Designing programs
To explain the difference between the old, or procedural, way of designing
a program and the OO approach, allow me to compare it to the process for
making a nice pot of tea.
Presenting procedural design — from goals to action
Procedural programming is the most straightforward way of programming.
Each segment of code focuses on achieving a step toward a goal. In the case
of making a pot tea, you can think of these steps as filling a vessel with water,
boiling the water, and pouring the water.
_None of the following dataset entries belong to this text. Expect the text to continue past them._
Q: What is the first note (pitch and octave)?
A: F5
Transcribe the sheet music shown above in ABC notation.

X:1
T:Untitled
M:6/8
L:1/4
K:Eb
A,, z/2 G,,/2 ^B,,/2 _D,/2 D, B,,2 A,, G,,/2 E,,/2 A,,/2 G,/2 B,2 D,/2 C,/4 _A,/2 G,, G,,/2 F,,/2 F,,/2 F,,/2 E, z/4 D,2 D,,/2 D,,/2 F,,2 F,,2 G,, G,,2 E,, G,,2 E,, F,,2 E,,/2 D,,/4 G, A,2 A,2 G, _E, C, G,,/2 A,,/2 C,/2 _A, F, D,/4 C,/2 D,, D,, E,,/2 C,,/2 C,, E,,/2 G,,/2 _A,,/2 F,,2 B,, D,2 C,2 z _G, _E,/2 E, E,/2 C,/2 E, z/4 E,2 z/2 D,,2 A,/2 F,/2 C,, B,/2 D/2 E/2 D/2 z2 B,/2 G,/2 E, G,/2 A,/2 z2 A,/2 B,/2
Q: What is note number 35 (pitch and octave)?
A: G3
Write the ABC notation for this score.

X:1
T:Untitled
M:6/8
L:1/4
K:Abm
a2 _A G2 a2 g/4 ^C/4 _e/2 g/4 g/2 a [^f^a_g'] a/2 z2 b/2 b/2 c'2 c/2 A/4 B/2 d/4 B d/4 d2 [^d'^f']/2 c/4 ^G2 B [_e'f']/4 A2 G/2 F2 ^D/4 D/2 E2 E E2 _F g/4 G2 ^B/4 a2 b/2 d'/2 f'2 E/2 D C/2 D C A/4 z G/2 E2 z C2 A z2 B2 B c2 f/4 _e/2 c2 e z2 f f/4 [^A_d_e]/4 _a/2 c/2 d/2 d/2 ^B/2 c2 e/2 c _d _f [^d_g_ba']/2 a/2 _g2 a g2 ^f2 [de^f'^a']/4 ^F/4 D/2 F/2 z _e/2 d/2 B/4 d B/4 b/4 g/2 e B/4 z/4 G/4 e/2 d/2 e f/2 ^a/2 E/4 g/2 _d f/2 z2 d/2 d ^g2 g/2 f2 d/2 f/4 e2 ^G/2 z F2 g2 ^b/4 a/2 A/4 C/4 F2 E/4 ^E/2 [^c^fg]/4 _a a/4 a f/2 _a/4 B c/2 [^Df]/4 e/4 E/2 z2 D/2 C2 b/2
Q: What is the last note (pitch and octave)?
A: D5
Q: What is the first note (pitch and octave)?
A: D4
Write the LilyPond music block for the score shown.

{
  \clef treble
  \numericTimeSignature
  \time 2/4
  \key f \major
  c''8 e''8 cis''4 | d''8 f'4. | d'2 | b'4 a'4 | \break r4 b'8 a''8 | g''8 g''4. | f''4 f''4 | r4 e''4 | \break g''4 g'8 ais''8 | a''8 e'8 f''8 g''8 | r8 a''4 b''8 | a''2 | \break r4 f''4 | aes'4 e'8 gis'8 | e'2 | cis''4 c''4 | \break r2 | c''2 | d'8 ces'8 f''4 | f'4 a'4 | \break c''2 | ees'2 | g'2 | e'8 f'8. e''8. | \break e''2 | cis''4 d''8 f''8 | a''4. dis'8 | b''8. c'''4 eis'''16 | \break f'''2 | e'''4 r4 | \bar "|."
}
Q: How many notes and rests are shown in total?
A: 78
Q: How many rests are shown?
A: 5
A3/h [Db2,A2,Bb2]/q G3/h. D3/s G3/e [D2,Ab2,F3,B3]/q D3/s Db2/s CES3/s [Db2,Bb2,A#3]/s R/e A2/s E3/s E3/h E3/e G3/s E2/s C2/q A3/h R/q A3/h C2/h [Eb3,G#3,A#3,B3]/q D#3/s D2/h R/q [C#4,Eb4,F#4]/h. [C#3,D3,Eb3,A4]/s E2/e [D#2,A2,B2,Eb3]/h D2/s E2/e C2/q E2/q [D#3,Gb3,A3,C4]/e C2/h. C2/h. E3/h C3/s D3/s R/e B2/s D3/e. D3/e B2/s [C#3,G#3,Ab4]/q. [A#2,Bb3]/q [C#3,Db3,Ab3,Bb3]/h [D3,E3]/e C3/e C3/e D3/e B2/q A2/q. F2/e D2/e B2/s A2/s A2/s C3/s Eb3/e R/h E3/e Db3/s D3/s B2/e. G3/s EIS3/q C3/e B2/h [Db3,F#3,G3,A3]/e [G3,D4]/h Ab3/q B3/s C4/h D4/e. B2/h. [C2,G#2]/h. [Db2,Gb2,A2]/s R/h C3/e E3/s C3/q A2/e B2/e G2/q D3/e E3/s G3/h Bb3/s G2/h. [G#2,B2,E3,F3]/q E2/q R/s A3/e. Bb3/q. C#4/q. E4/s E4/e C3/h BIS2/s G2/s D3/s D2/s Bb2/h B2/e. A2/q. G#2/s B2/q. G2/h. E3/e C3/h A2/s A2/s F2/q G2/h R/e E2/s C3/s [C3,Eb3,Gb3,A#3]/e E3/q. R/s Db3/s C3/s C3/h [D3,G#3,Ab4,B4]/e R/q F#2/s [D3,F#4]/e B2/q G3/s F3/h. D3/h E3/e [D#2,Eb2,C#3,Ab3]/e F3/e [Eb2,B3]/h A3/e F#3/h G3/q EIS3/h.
This example began with a nice gift of fancy leaf tea, from India. Not having
made tea from leaves before, I called my mom, and she gave me the following
steps:
1. Turn on the faucet.
2. Put enough water in a kettle for the number of cups you want to make.
3. Put the kettle on the stove.
4. Turn on the stove.
5. For each cup, put a teaspoon of tea leaves in the teapot.
6. When the water boils, pour the water from the kettle into the teapot.
7. Let the tea steep for five minutes.
8. Pour the tea into each cup.
9. Enjoy!
And that’s how a typical procedural program works, the kind people wrote
before OO came into vogue. You had a problem to solve and a set of steps for
solving the problem.
The recipe is presented in pseudo (simulated) programming language.
But it illustrates the concepts used in writing a real program.